More specifically, the circuit terminals 22 on one main surface 21 of the IC chip 20 are joined to the joining terminals 15 of the base portion 11 by thermocompression using bumps 41 made of gold, solder or the like using flip chip mounting. To do.
At this time, an underfill material such as an epoxy resin may be filled between the one main surface 21 side of the IC chip 20 and the base portion 11 to reinforce or protect the connection portion.

Next, as shown in FIG. 2D, the lid portion 12 of the package 10 is seam welded to the joint portion 13 of the package 10.
A crystal oscillator 1 as shown in FIG. 1 is obtained through the manufacturing steps such as the above steps.

  As described above, in the method for manufacturing the crystal oscillator 1 according to the first embodiment, the crystal vibrating piece 30 is formed with the through hole forming step for forming the through hole 31 penetrating in the thickness direction, and the crystal with the through hole 31 formed therein. A quartz crystal resonator element mounting step for mounting the resonator element 30 on the base portion 11, and an IC chip mounting step for mounting the IC chip 20 on the base portion 11 in the through hole 31 in plan view after the crystal resonator element mounting step. Have.

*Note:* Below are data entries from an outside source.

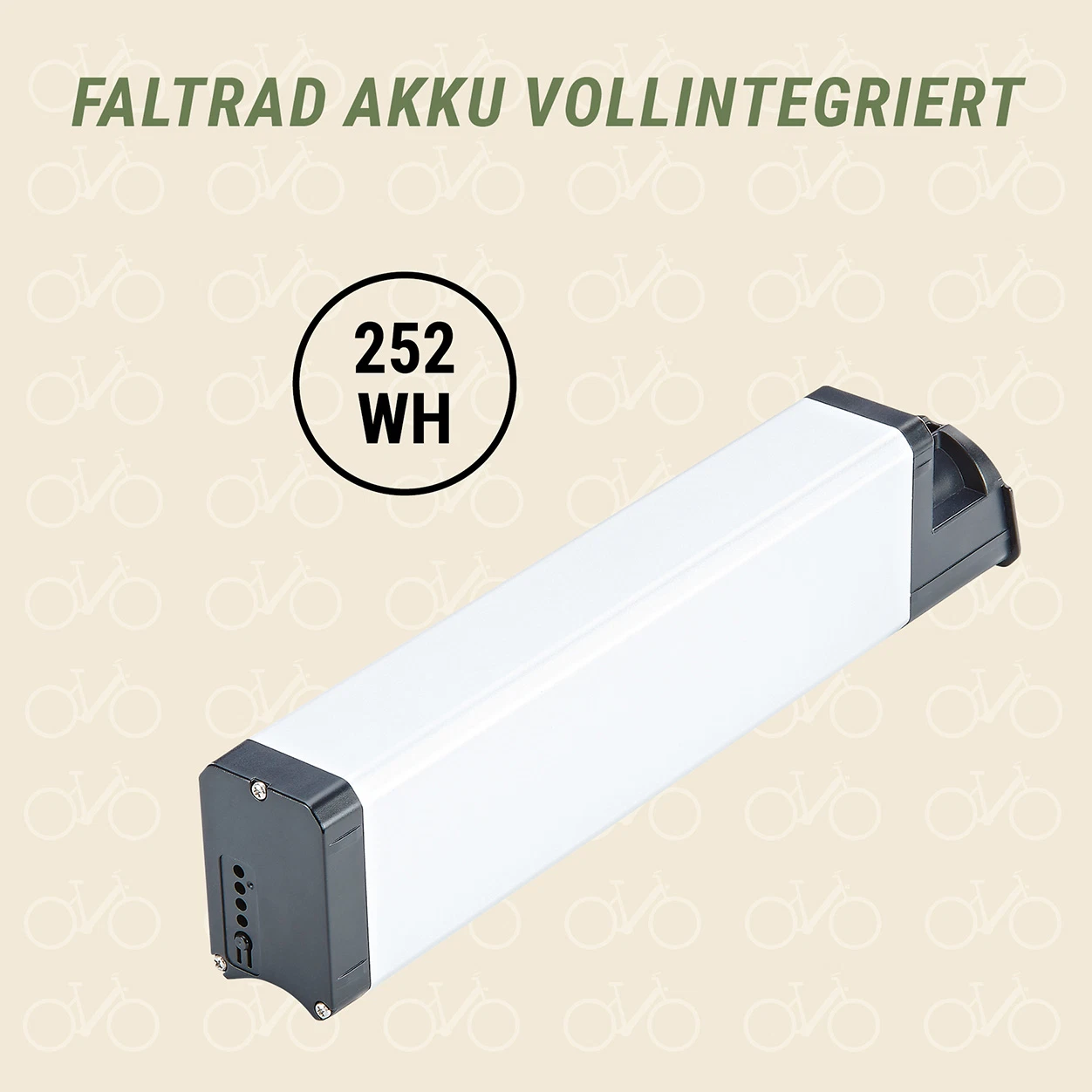 Faltrad Akku vollintegriert 252 Wh - diagonale Ansicht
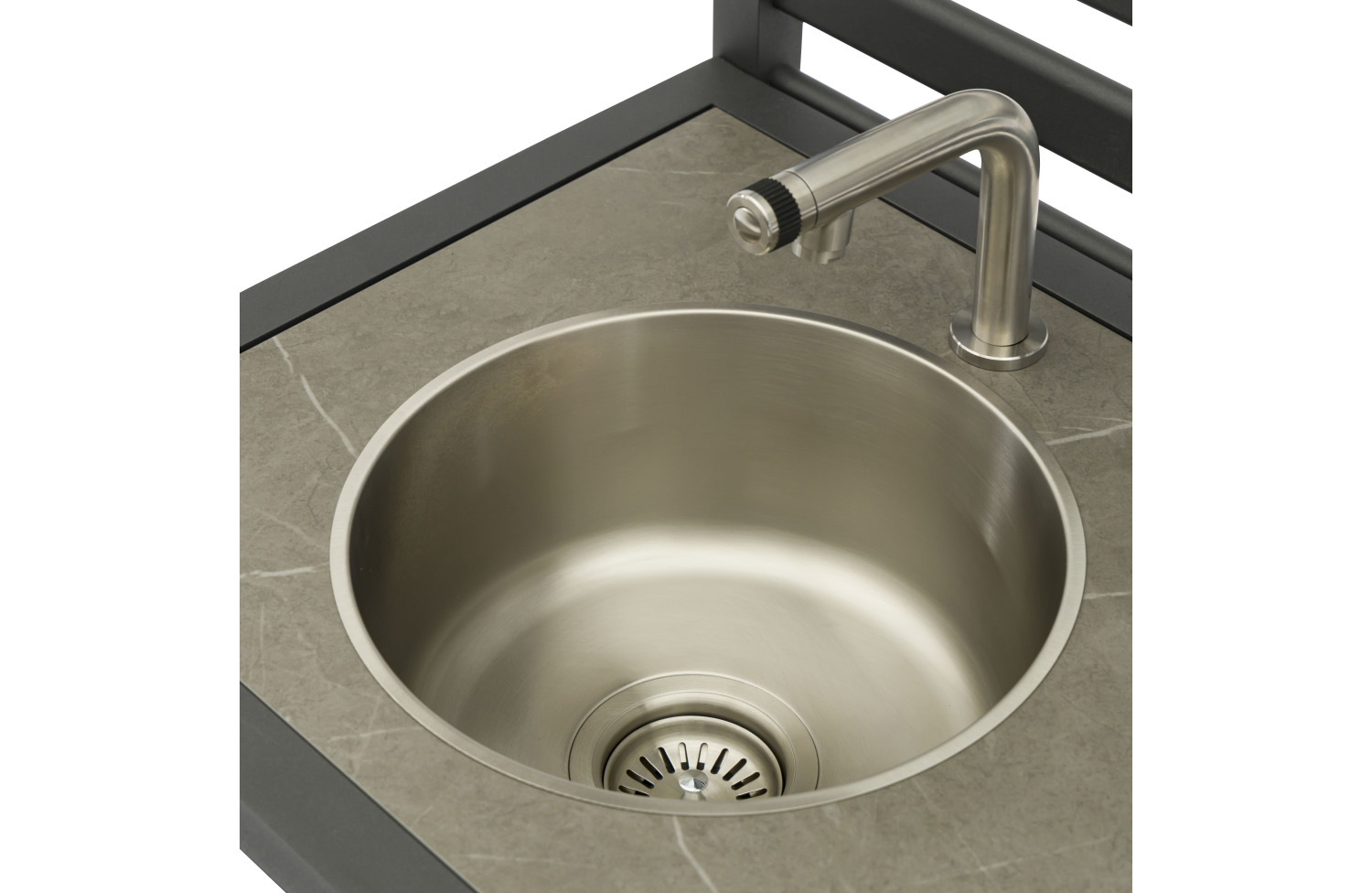 Outdoor Kitchen (wall / sink and tap / 2 wooden shelves / 2 alu shelves / cutting board + 2 solar lamps + 8 single hooks + 2 drawers) / MATERA MT 01G / ANTRACITE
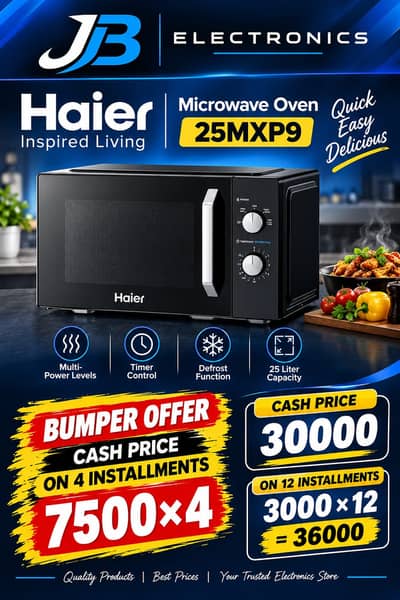 Haier 25 Litre Microwave Oven (25MXP9) - Cash Rs. 30,000 / Easy Instal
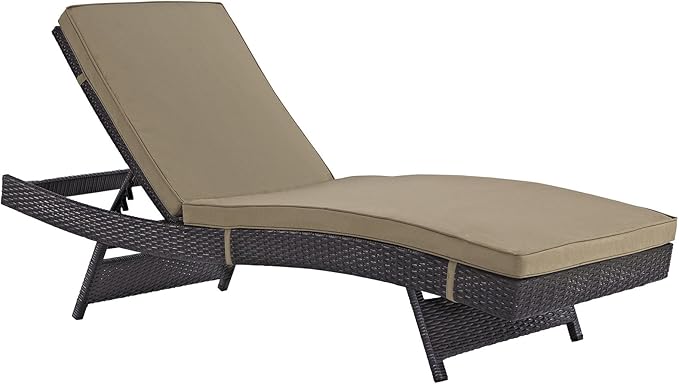 Modway Convene Wicker Rattan Outdoor Patio Chaise Lounge Chair in Espresso Mocha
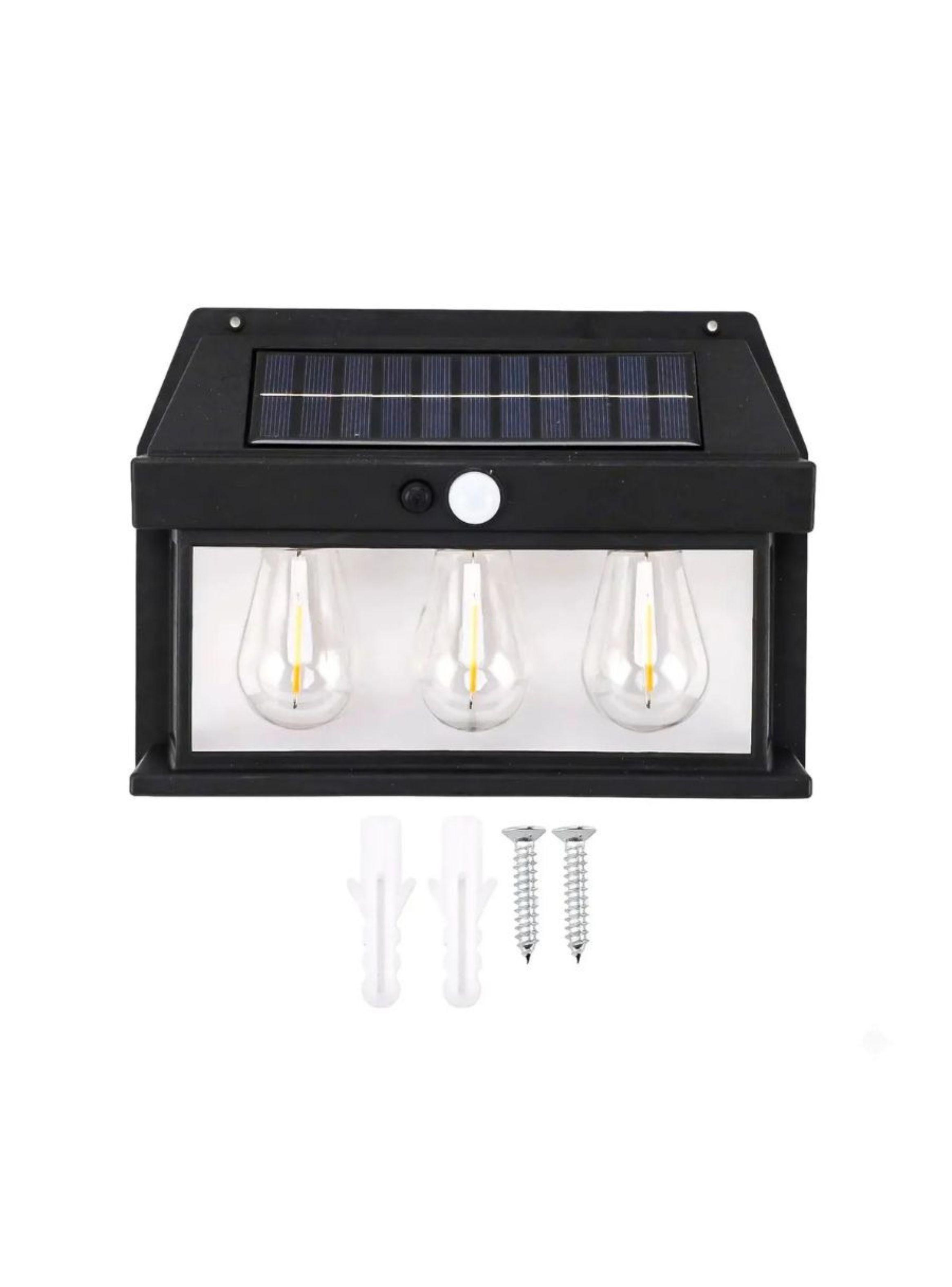 Foco Aplique Solar Pared Exterior Sensor De Movimiento-2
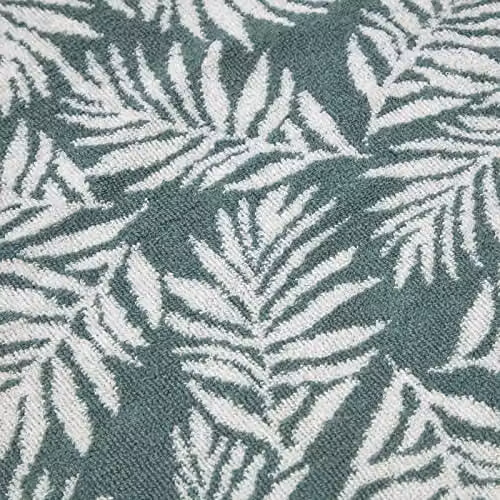 HOMESCAPES Green Floral Pattern Cotton Hand Towel, 500 GSM – 2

Therefore, in the method for manufacturing the crystal oscillator 1, the crystal resonator element 30 mounted on the base portion 11 can be inspected alone by performing the crystal resonator element mounting process before the IC chip mounting process. Thereby, the manufacturing method of the crystal oscillator 1 can be made to flow to an IC chip mounting process only when the crystal vibrating piece 30 is a good product.
Therefore, the manufacturing method of the crystal oscillator 1 is higher than the conventional manufacturing method in which the IC chip is mounted before the crystal vibrating piece, so that the non-defective IC chip can be discarded. Can be improved.

  In addition, the crystal oscillator 1 is manufactured by performing an IC chip mounting process after the crystal vibrating piece mounting process, thereby causing a conventional thermal stress such as an annealing process to be applied when the crystal vibrating piece 30 is mounted. Thus, it is possible to avoid the deterioration of the characteristics of the IC chip 20 and the decrease in the reliability of the connection part between the IC chip 20 and the base part 11.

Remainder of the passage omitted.